If young men need another reason to go to college – and that does seem to be the case – they need look no further: they may need it to find a girlfriend or wife.
Educators in Maine have been perplexed and concerned by two diverging trend lines: Girls are increasingly getting higher educations and boys are not. At most public universities, female enrollment now significantly tops that of males.
A story in Sunday’s New York Times highlighted another worrisome trend: “About 18 percent of men ages 40 to 44 with less than four years of college have never married, according to census estimates. That is up from about 6 percent a quarter-century ago. Among similar men ages 35 to 39, the portion jumped to 22 percent from 8 percent in that time.”
It’s worth bearing in mind that at every age and among both sexes, fewer Americans are marrying. But the increase is the most pronounced for young males.
It’s also worth considering, perhaps, that more males simply don’t want to marry and would prefer to remain single. That, too, is possible.
But surveys show that most people, men and women, would like to marry at some point in their lives.
According to the Times, the biggest factor may be that the pool of women without college degrees is shrinking and most women with degrees seek mates with similar educational attainment and better financial prospects.

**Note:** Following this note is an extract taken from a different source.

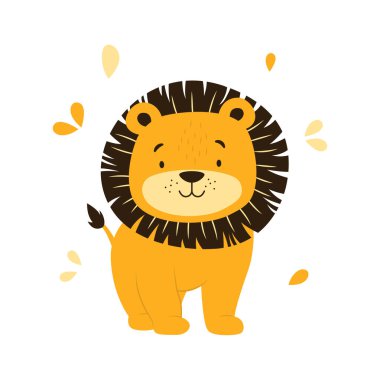 Tapılası Aslan Leo Hayvan Çizgi Filmi Karakteri Mutlu İfadesiyle Orman Kralı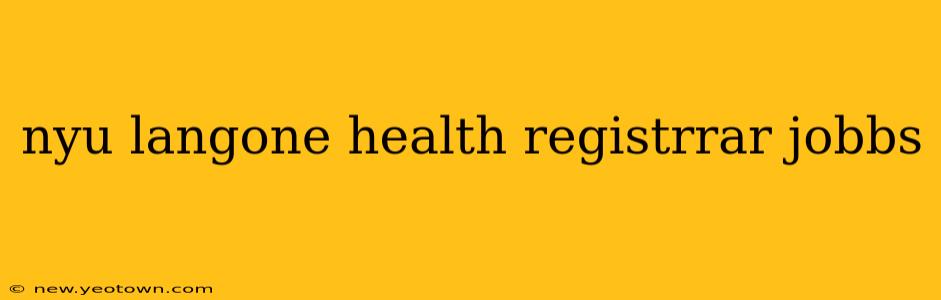 nyu langone health registrrar jobbs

Life hasn’t been easy for men without much schooling. This group has been the most dramatically affected by the movement of manufacturing jobs overseas. Many have seen their real wages slowly sag over the past 30 years while wages for more educated workers have remained steady or grown.
Of course, for young people with their futures before them, the answer would seem clear: Stay in school. Develop a skill or learn a trade. It’s a cold world for workers without an education or marketable skills … in more ways than one.